Kupegang kedua tangan nada sembari berkata, "untuk saat ini saya akan membantu nada supaya berani menolong persalinan sendirian tapi dengan satu syarat, nada pun harus mampu menguasai semua prosedur pertolongan persalinan dengan baik. Jika kamu mampu menguasai prosedurnya , maka  saya yakin kamu mampu menolong persalinan dengan percaya diri". Nada pun membalas kata-kata saya dengan anggukan kepalanya.
Hari itu kami berdua lalui dengan belajar hingga sore hari. Hingga saya yakin bahwa nada sudah terampil untuk melakukan praktik di klinik dengan pasien langsung. Bukan sekedar support ilmu yang saya berikan tapi saya juga memberi support mental kepada nada supaya yakin dan percaya diri dalam menolong persalinan. Keesokan siangnya, alhamdulillah nada sudah dapat pasien untuk ditanganinya. Saya pun seharian membimbing dan mengawasi nada dalam menolong persalinan pasien tersebut.
Ketika semua proses persalinan pasien selesai dan saya bersiap untuk pulang, tiba-tiba nada menghampiriku dengan mata berkaca-kaca sembari berkata  " bu, terima kasih untuk semua ilmu yang ibu berikan dan saya tidak akan melupakan kebaikan ibu seumur hidup. Insya allah dimanapun dan kapanpun saya pasti akan mengingat ibu". Kata-kata nada ini membersitkan rasa bahagia yang luar biasa di hati saya saat itu. Saya bahagia karena ilmu saya bisa bermanfaat bagi orang lain, bukan hanya nada tapi juga bermanfaat bagi pasien-pasien yang akan ditolongnya. Dan dalam agama islam, ini adalah salah satu amal jariyah yang akan selalu mengalir pahalanya sampai kapanpun.
Sejak saat itu saya merasa bahagia dan sangat beruntung karena Allah telah memberikan saya kesempatan untuk menjadi seorang trainer. Saya diberikan Allah kesempatan untuk berbagi ilmu dan keterampilan dengan para bidan, terutama diseluruh wilayah provinsi Sumatera Selatan. Anggap saja saya menyantuni para sejawat dengan ilmu yang bermanfaat.
Meskipun saat ini saya tidak lagi menjadi seorang trainer, tapi saya masih sering berbagi ilmu dengan para sejawat saya di Rumah Sakit tempat saya bekerja saat ini. Karena berbagi ilmu sama saja berbagi kebahagiaan dengan orang lain.

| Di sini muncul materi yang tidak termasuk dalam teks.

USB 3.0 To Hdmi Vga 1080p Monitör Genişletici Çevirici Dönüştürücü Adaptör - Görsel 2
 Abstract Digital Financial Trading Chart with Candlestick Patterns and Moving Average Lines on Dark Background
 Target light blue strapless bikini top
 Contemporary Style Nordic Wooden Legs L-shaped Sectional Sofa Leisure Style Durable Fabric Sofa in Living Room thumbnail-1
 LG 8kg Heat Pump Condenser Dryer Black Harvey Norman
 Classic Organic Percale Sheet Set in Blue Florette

Ternyata berbagi kebahagiaan tidak harus berwujud materi, banyak hal yang dapat kita lakukan untuk mengukir kebahagiaan bagi diri kita sendiri maupun orang lain. Satu hal yang perlu diingat yaitu keikhlasan dalam berbagi dengan orang lain akan menciptakan kebahagiaan untuk diri kita sendiri dan juga orang lain.